WHAT THE TASK REQUIRES: Retype, word for word, every line of the records below starting at the one that contains "Substituting the values: speed" and ending at the one that contains "So when I try"; include both of those lines and nothing more.

PROVIDED MATERIAL:
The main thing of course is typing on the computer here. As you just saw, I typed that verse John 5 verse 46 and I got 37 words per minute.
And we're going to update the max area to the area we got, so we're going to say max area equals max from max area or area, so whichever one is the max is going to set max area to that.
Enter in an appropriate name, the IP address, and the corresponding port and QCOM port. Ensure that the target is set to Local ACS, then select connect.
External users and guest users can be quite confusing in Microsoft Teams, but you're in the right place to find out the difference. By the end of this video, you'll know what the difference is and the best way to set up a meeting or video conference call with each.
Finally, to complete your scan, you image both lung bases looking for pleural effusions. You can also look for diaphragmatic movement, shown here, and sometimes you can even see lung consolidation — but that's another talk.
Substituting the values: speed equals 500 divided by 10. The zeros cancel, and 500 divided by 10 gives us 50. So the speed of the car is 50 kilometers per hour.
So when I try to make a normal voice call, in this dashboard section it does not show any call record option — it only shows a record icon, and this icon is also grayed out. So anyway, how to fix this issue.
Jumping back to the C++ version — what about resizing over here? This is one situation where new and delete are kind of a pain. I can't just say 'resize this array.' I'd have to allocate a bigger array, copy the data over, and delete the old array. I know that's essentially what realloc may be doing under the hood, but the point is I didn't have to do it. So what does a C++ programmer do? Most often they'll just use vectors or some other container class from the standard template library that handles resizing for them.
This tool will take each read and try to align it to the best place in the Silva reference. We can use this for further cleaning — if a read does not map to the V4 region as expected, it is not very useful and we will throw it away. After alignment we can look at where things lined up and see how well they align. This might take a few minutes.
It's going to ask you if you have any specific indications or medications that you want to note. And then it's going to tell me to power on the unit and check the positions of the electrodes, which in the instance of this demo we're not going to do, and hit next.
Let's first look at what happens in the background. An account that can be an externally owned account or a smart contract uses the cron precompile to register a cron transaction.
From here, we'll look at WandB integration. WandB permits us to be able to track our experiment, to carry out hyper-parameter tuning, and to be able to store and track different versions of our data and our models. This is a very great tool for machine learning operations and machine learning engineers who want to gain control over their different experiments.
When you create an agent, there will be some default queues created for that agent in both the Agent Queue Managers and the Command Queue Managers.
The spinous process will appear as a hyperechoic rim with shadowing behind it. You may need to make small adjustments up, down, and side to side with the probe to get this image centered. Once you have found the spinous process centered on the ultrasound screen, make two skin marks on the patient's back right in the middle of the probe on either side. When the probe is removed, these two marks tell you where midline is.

ANSWER BOX:
Substituting the values: speed equals 500 divided by 10. The zeros cancel, and 500 divided by 10 gives us 50. So the speed of the car is 50 kilometers per hour.
So when I try to make a normal voice call, in this dashboard section it does not show any call record option — it only shows a record icon, and this icon is also grayed out. So anyway, how to fix this issue.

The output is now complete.